My husband rose from the bed, where we slept without covers, sweating in the heat, and announced, "That's it. We're going home. I'll not spend another night under these conditions."

From his tone, I knew better than to protest a short stay after such a long drive.

Yes, the country was beautiful, but we hadn't anticipated all of the pitfalls, such as all the other tourists, not mention the other lodge guests. Every inch of the river was littered with rafts, except the short section in front of the lodge,and although the tourist season isn't that long, the winters in these mountains are, and we'd be right back to one of the big reasons we left eastern Oregon, nine months of cold and snow with no amenities to help break the boredom. The town of Salmon didn't even have a movie theater, one of our favorite winter diversions as neither of us are into winter sports.

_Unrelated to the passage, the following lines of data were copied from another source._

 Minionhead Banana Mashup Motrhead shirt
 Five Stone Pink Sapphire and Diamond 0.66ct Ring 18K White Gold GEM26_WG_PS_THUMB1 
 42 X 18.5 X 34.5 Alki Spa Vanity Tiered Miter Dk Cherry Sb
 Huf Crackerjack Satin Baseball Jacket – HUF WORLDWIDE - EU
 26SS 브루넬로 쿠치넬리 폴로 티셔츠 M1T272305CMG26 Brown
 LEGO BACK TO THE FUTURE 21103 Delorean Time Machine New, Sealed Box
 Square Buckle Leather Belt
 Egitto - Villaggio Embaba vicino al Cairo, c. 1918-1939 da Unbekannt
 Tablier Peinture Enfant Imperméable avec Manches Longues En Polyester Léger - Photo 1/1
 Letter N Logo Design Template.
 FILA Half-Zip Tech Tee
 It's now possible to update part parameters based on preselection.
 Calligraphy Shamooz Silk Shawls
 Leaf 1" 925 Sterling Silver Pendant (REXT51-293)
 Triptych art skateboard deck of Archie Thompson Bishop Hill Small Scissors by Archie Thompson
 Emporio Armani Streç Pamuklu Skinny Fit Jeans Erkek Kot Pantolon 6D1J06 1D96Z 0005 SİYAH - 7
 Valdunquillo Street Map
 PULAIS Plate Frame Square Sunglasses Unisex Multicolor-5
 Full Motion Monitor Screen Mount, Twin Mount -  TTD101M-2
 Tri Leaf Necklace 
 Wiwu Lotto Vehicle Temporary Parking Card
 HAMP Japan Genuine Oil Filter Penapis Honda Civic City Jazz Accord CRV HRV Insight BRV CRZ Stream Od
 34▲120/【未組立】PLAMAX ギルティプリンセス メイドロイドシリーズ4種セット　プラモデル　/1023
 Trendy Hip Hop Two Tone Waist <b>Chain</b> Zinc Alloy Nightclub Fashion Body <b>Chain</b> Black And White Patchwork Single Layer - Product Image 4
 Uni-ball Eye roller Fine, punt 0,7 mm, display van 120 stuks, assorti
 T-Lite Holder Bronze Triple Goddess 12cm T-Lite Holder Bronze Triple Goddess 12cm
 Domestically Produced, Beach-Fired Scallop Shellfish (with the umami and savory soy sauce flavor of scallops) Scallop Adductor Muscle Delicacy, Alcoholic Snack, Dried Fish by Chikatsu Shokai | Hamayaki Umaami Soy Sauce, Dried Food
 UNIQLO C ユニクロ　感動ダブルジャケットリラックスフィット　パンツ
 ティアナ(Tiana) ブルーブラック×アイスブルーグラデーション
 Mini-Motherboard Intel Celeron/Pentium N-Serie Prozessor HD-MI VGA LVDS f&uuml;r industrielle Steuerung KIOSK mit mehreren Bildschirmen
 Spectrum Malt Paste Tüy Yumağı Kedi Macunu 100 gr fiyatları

As we neared home, we pulled off the road into a small campground to give Scout a much needed break. We were shocked and amazed. Yes, that is white sand, fine white sand like you find on the most coveted beaches, and crystal clear water - and we had it all to ourselves.

 There was even an abundance of wildflowers.












We learned an important lesson. Paradise in the literal, all conclusive state, doesn't exist, except in our imaginations, and we need to take stock of what we have and access what matters most - to us.

As if to confirm this, the following passage was in my daily readings our first morning home.

If you will be quiet and remain in this land, I will build you up, and not pull you down: I will plant you, and not pluck you up: for now I am appeased for the evil I have done to you. Fear not because of the king of Babylon [insert any list of fears] of whom you are greatly afraid: fear him not, saith the Lord, for I am with you, to save you, and to deliver you from his hand. And I will show mercies to you, and will take pity of you, and will cause you to dwell in your own land. Jeremiah: 42:12-12.

I turned to my husband and announced we should stay where we are, in this place and take the RV out when have the urge for exploration. As so often happens between us, he'd been thinking the exact same thing and we agreed to remain here in this land, in this place, which God has promised us, believing He will build us up, not pull us down, that He will plant us and not pluck us up and that we need not fear the Kings of Babylon that might come against us, for He will protect us and save us. After all, Paradise is not a place, but a state of mind, a state of being found through faith.


 Home, sweet home, and our personal Paradise.